Politicians and bureaucrats are reactionary by nature, so we
can automatically classify the austerity mindset as a reaction to the economic
pain caused by the 2007-2009 financial panic and recession. This momentous event left a deep and
indelible psychological scar in the minds of policymakers and it continues to
motivate their collective thinking (if it can be called that) and legislative
efforts. It has also helped to frame the
political agenda for the critical year ahead – a period in which the historic
120-year cycle of inflation/deflation is bottoming. This cycle promises to usher in many
important changes; indeed, we’ve already witnessed one important change to the
system. Starting in 2014 universal
healthcare coverage will be mandated in the U.S., a landmark step on the road
to full-scale economic autocracy.
If not for the continuous fiscal crises created by Congress
over the past two years, two million more Americans would have jobs. Moreover, unemployment would have dropped
under 6.7 percent and GDP growth would be around 4 percent stead of the current
2.5 percent. These statistics are the
conclusion of a study by Macroeconmoic Advisers, a nonpartisan consulting
firm. The analysis also found that
Congress’s fiscal-cliff and debt-ceiling blunders have roiled financial markets
and caused employers to cut back on prospective hiring. It has also kept consumers from spending more
as the entire system has become “paralyzed with uncertainty.”
The study concluded that the economy is being actively
sabotaged by members of Congress who exert a disproportional influence over the
nation’s financial affairs. When such is
the case, it can only be a matter of time before Washington trips up the
recovery altogether.
As
impressive as the recovery since 2009 has been, Washington’s continuous
meddling threatens to derail it in 2014.
The introduction of mandatory health insurance next year will create a
drag on the economy at the worst possible time, namely while the 120-year cycle
of inflation/deflation is bottoming.

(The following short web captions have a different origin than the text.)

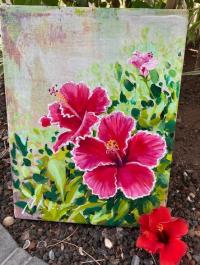 Big Island Hibiscus 16x12 Original Acrylic by Shawn Mackey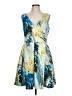 Taylor Print Blue Cocktail Dress Size 10 - photo 1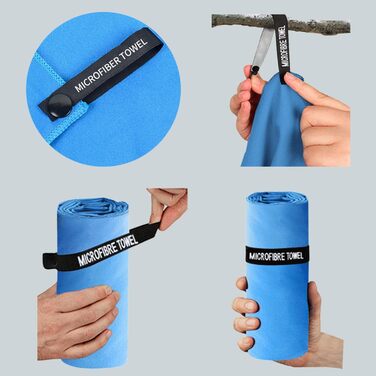 Мікрофібровий рушник для пляжу та спорту, комплект 2 шт (180x80cm + 80x40cm), рожевий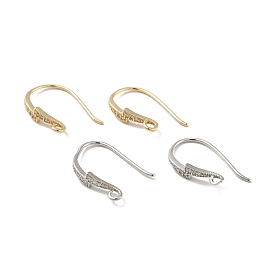 Rack Plating Brass Micro Pave Cubic Zirconia Earring Hooks, with Horizontal Loop, Long-Lasting Plated, Cadmium Free & Lead Free, Lightning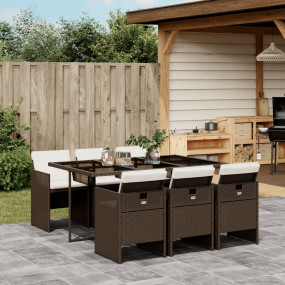 Patio Dining Set Set of 6 Brown, Cream White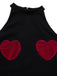 [Vorverkauf] 2PCS Schwarz 1940er Herz Farbblock Crop Top & Hose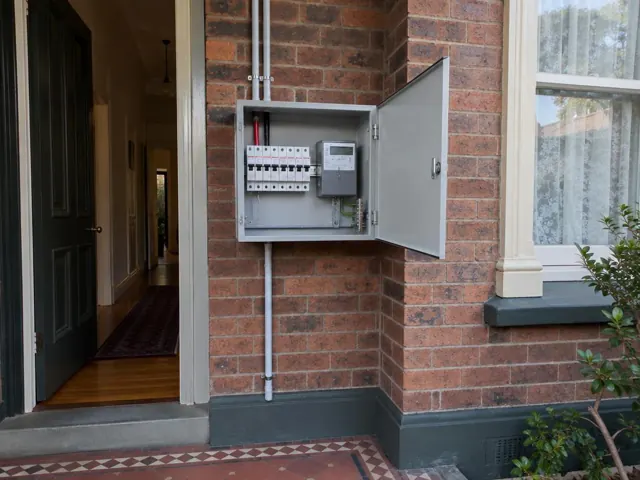 Open electrical switchboard on a brick exterior wall beside a doorway in Lilyfield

The
timing couldn’t possibly be any worse.
The Bernanke Fed “gets it” and clearly understands the danger of the
deflationary undercurrent created by the long-term Kress cycle.
Washington,
for its part, doesn’t get it. Both
Congress and the president are fighting the Fed by embracing austerity-type
measures that will inhibit growth, including tax hikes. This will create significant economic
headwinds for next year. On the plus
side, it may end up benefiting gold as fear and uncertainty rise in the face of
Washington’s economic sabotage.
As the Wall Street bromide says, “Sooner or later politics always
interferes with business.” Policymakers
seem intent on proving the truth of this saying. Unfortunately, everyone must reap the consequences.